Question 399 of 499
Operationalizing machine learning modelsmediumMultiple SelectObjective-mapped

Quick Answer

The answer is to use a smaller batch size for prediction requests and to deploy the endpoint with GPU accelerators. A smaller batch size reduces the amount of data processed per inference cycle, which directly lowers per-request latency because the model spends less time accumulating and processing a large batch before returning results. GPUs, meanwhile, excel at the parallel matrix operations central to deep learning, enabling the endpoint to handle multiple predictions concurrently far faster than CPU-only machines. On the Google Professional Data Engineer exam, this question tests your understanding of optimizing Vertex AI serving infrastructure for latency-sensitive workloads—a common trap is assuming larger batches always improve throughput, but they actually increase latency for individual requests. Remember the mnemonic “Small Batch, Fast Match” to recall that reducing batch size and matching hardware (GPU) to model type are the two key levers for cutting endpoint latency.

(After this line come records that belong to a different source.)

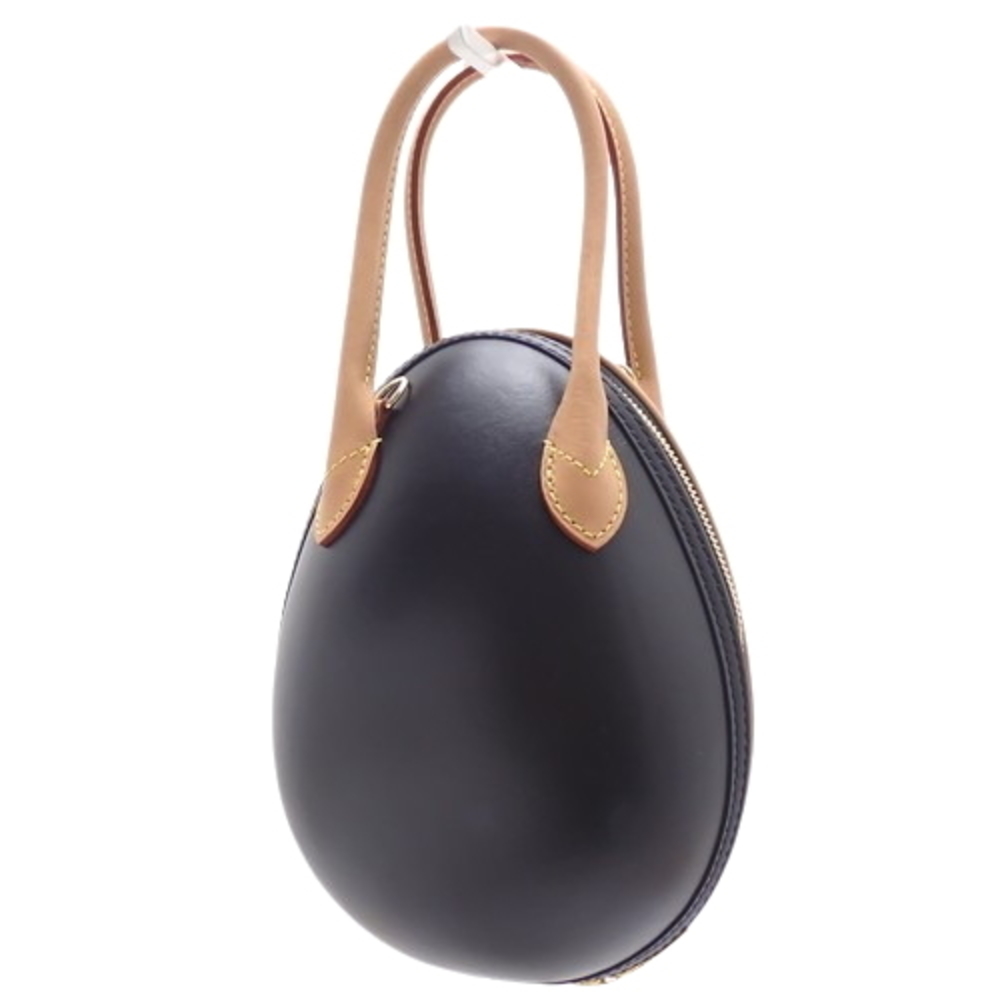Louis Vuitton Monogram Bag Handbag Brown Egg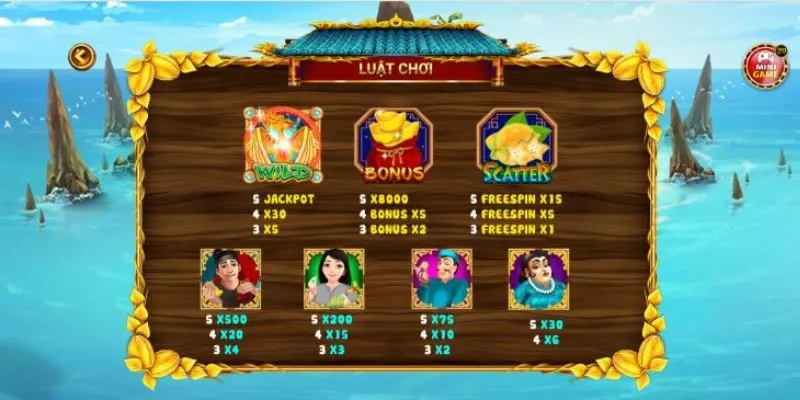 Tổng hợp các loại hũ và giá trị của chúng trong game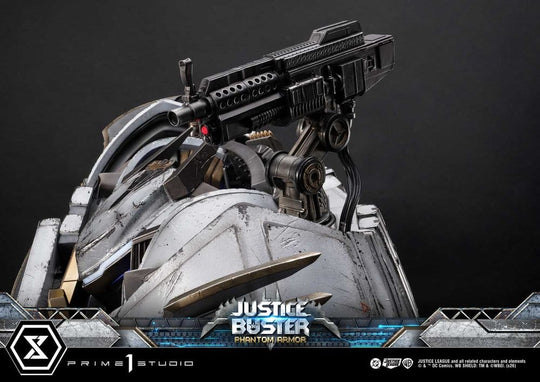 DC Comics Ultimate Museum Masterline Statue Justice Buster: Phantom Armor (Design By Josh Nizzi) 88 cm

PDE Operationalizing machine learning models Practice Question

This PDE practice question tests your understanding of operationalizing machine learning models. Read the scenario carefully and evaluate each option against the stated constraints before committing to an answer. After answering, compare your reasoning against the explanation and wrong-answer breakdown below. Once you have made your selection, read the full explanation to reinforce the concept and understand why each distractor is designed to mislead on exam day.

Which TWO actions can help reduce the latency of a Vertex AI endpoint serving a large neural network model?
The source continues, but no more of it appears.